- PROBLEM DETAILS -
Reproduce the listing exactly and skip over any pictures.

- RECORDS SHOWN -
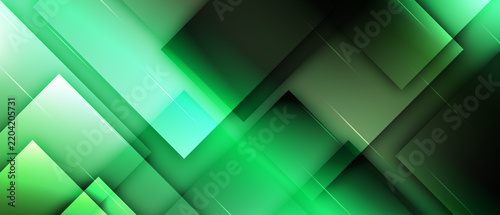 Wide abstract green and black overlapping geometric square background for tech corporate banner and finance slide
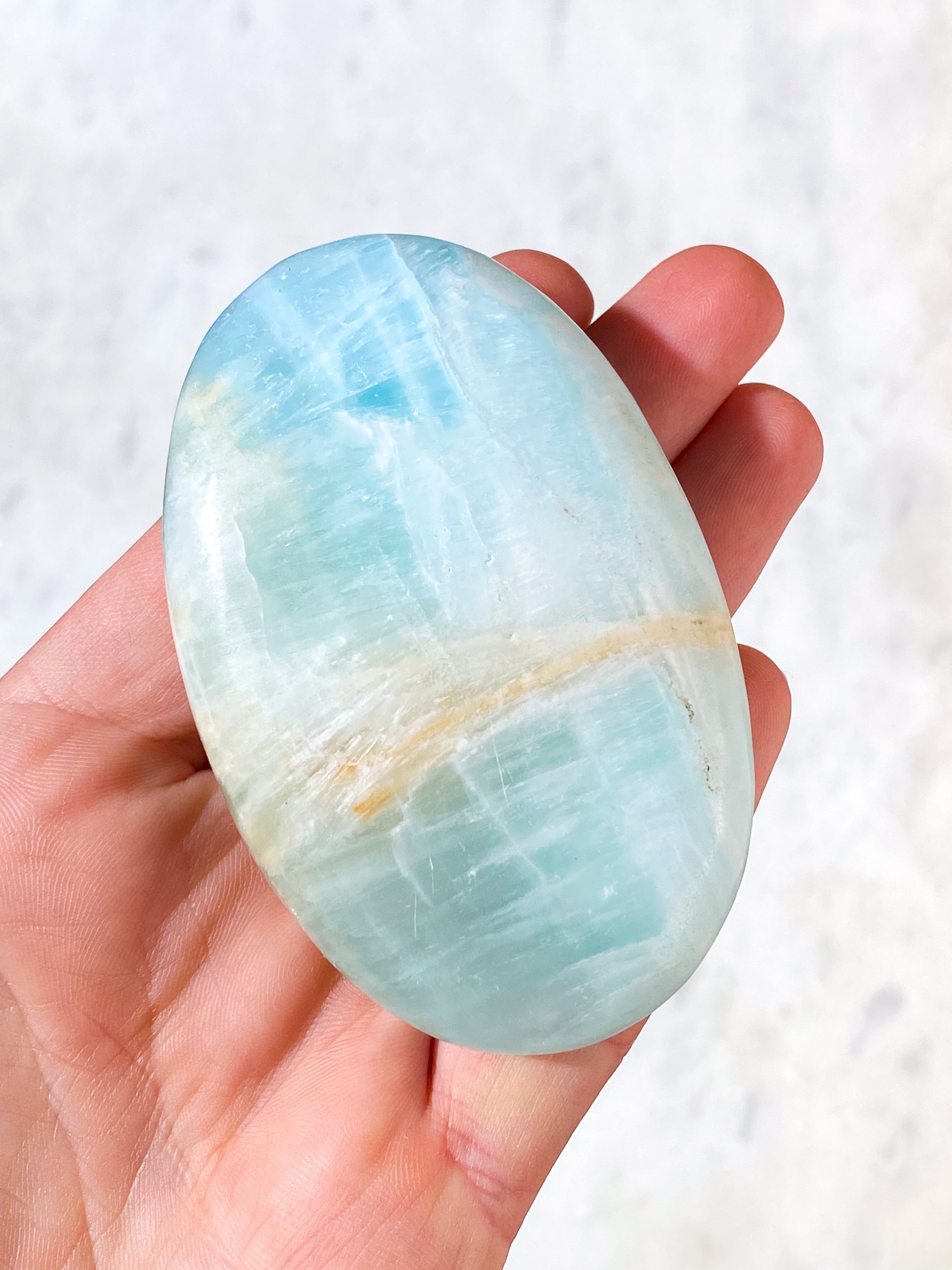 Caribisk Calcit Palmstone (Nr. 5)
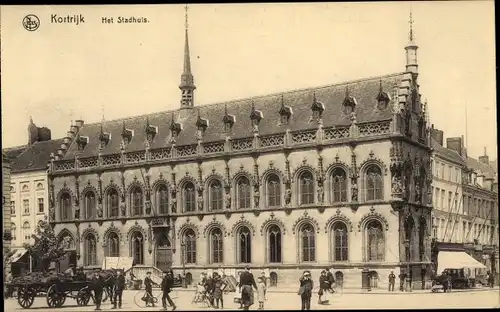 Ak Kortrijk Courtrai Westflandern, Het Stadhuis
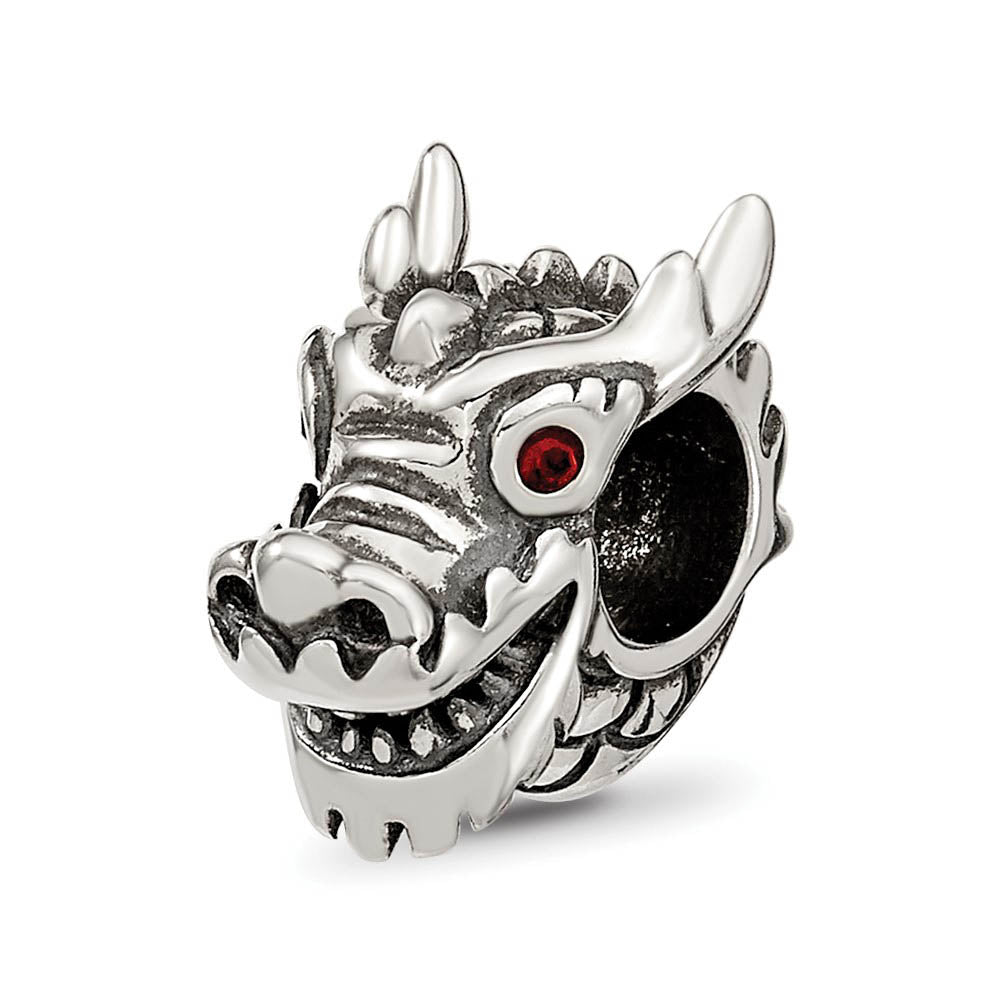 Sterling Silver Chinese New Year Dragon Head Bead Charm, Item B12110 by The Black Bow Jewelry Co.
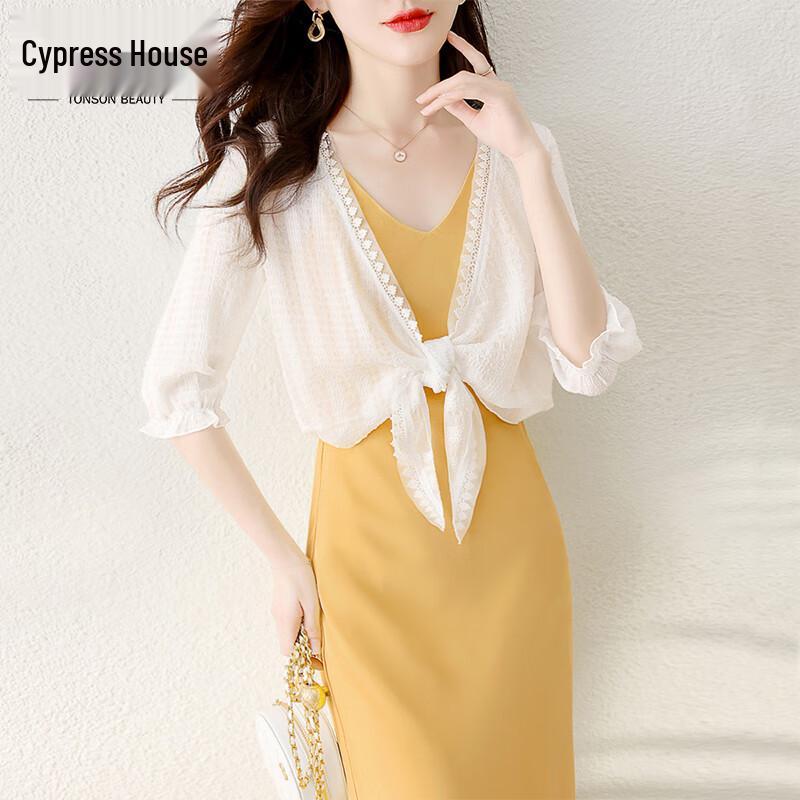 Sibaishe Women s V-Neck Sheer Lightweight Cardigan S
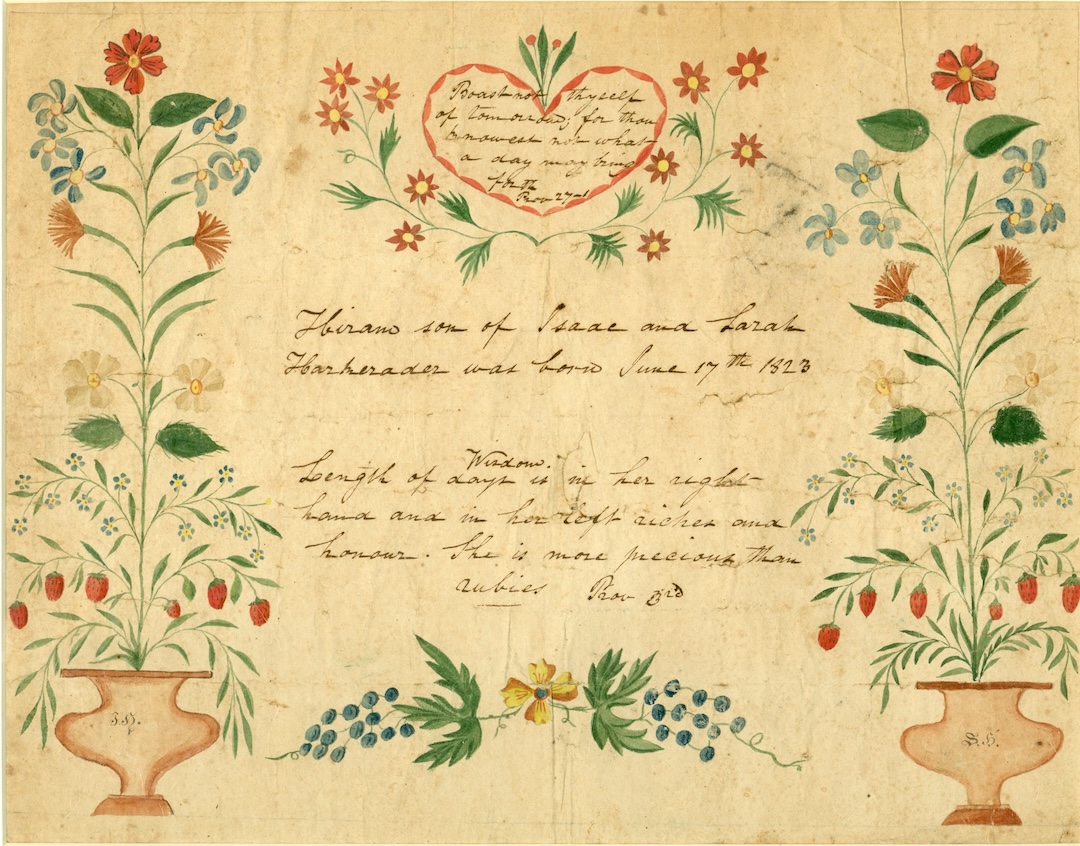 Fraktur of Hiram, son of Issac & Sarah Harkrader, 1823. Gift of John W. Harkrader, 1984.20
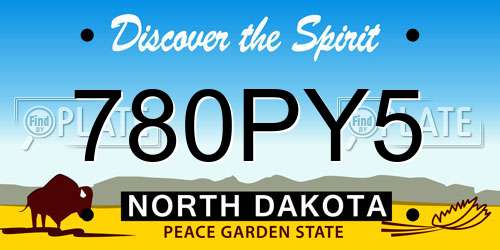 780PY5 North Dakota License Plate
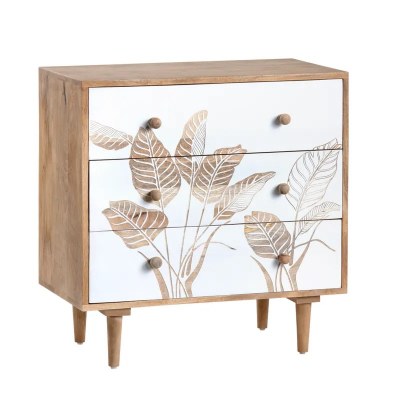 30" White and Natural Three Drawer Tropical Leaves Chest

- PROBLEM SOLUTION -
 Wide abstract green and black overlapping geometric square background for tech corporate banner and finance slide
 Caribisk Calcit Palmstone (Nr. 5)
 Ak Kortrijk Courtrai Westflandern, Het Stadhuis
 Sterling Silver Chinese New Year Dragon Head Bead Charm, Item B12110 by The Black Bow Jewelry Co.
 Sibaishe Women s V-Neck Sheer Lightweight Cardigan S
 Fraktur of Hiram, son of Issac & Sarah Harkrader, 1823. Gift of John W. Harkrader, 1984.20
 780PY5 North Dakota License Plate
 30" White and Natural Three Drawer Tropical Leaves Chest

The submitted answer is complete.